The BT (LSE:BT.A) share price has fallen 9.8% since the start of the year. It’s been an inauspicious start to a new year. The telecoms giant is now down 14.8% over the past 12 months.
Shareholders will undoubtedly be hoping for a Rolls-Royce-style recovery. But is it on the cards?
Personally, I don’t think so. While BT might look cheap on the surface, it’s got a huge debt burden, and growth is slow — very slow. There’s no compelling reason I’d want to buy this stock.
Here’s why I’m not buying BT, even after the price dipped.
Understanding value
We all want to purchase stocks that appear good value. To determine this, investors often rely on key financial metrics. The price-to-earnings ratio (P/E) is a fundamental one that compares a stock’s current price to its earnings per share. A lower P/E ratio may indicate better value.

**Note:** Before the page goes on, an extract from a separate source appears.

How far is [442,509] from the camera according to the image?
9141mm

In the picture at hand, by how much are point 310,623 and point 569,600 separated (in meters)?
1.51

There a host of complementary metrics including the EV-to-EBITDA ratio and, my favourite, the price-to-earnings-to-growth ratio (PEG).
Additionally, assessing dividend yields, debt levels, and other financial indicators provides a comprehensive view.
By scrutinising these, investors aim to make informed decisions, identifying stocks with strong fundamentals and growth potential in the market.
Is it good value?
On the surface, BT shares certainly don’t look bad value compared to peers, especially with the share price declining in recent weeks.
The stock trades at 6.4 times earnings from the past 12 months. That’s clearly not expensive from an index perspective, and it’s a 62.6% discount versus the communications sector.
Equally, its forward P/E ratio of 7.2 doesn’t look overly expensive either. In this case, that represents a 58.5% discount to the sector.
However, these metrics, often the first point of call for investors, can also be misleading.
Growth and dividends
We want to invest in companies that are growing, or ones that are capable of paying sizeable dividends while essentially sitting still.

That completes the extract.